Cauliflower, leek and blue cheese gratin

Cauliflower, leek and blue cheese gratin
  • Serves icon Serves 4
  • Time icon Hands-on time 25 min, oven time 30 min

Cauliflower, leeks and blue cheese makes for a winning trio and if you’re after an easy, comforting midweek meal then this is the recipe you need to be making.

Or if you’re after a something a bit lighter for dinner, try our blue cheese, fennel and radish salad.

Nutrition: per serving

Calories
430kcals
Fat
28.1g (8.2g saturated)
Protein
18.6g
Carbohydrates
26g (12.5g sugars)
Fibre
8.8g
Salt
0.6g
Calories
430kcals
Fat
28.1g (8.2g saturated)
Protein
18.6g
Carbohydrates
26g (12.5g sugars)
Fibre
8.8g
Salt
0.6g

Ingredients

  • 2 large leeks, trimmed and sliced
  • Leaves from a few thyme sprigs
  • 1 large cauliflower, sliced into florets
  • Good grating nutmeg
  • 40ml olive oil, plus extra for greasing
  • 40g plain flour
  • 400ml milk
  • 50g strong vegetarian British blue cheese (such as Stilton)
  • 25g fresh breadcrumbs
  • 10g flaked almonds

Method

  1. Lightly grease a 1 litre ovenproof dish with olive oil. Heat a little more oil in a pan and fry the leeks for 15 minutes with the thyme leaves.
  2. Meanwhile, bring a pan of lightly salted water to the boil.

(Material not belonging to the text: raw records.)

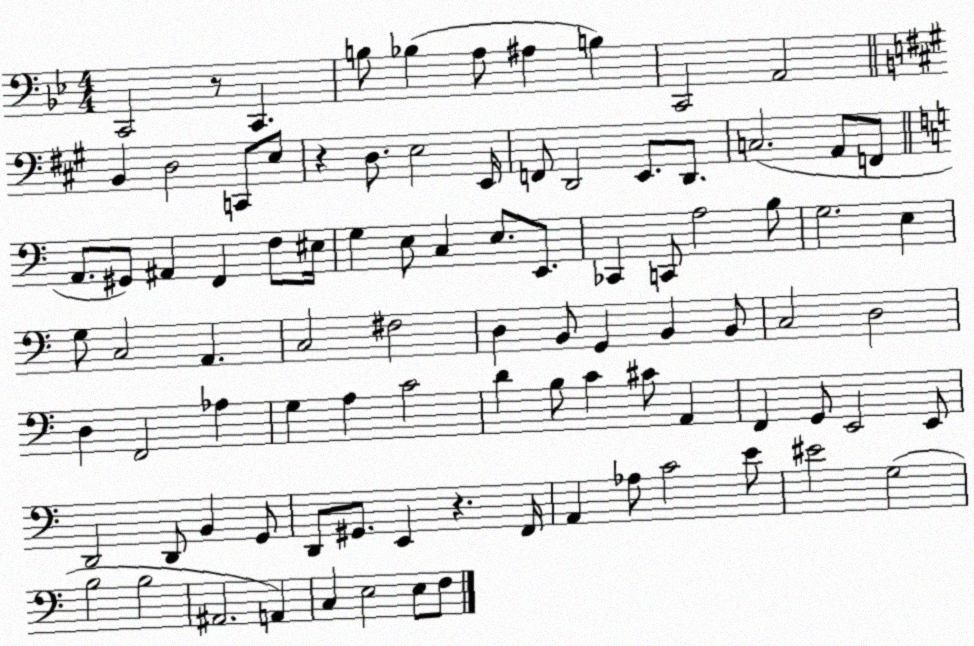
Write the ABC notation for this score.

X:1
T:Untitled
M:4/4
L:1/4
K:Bb
C,,2 z/2 C,, B,/2 _B, A,/2 ^A, B, C,,2 A,,2 B,, D,2 C,,/2 E,/2 z D,/2 E,2 E,,/4 F,,/2 D,,2 E,,/2 D,,/2 C,2 A,,/2 F,,/2 A,,/2 ^G,,/2 ^A,, F,, F,/2 ^E,/4 G, E,/2 C, E,/2 E,,/2 _C,, C,,/2 A,2 B,/2 G,2 E, G,/2 C,2 A,, C,2 ^F,2 D, B,,/2 G,, B,, B,,/2 C,2 D,2 D, F,,2 _A, G, A, C2 D B,/2 C ^C/2 A,, F,, G,,/2 E,,2 E,,/2 D,,2 D,,/2 B,, G,,/2 D,,/2 ^G,,/2 E,, z F,,/4 A,, _A,/2 C2 E/2 ^E2 G,2 B,2 B,2 ^A,,2 A,, C, E,2 E,/2 F,/2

Add the cauliflower to the pan and boil for 2 minutes. Drain the cauliflower and toss with the leeks, add a good grating of nutmeg, season, then tip into the dish.
  3. Heat the oven to 200°C/fan180°C/gas 6. Heat 40ml olive oil in the pan, stir in the flour and cook for 1 minute. Gradually stir in the milk, then crumble in the cheese. Stir until melted. Taste, season, then pour over the veg.
  4. Toss the fresh breadcrumbs in olive oil, then sprinkle over the gratin along with the flaked almonds. Bake for 30 minutes or until golden.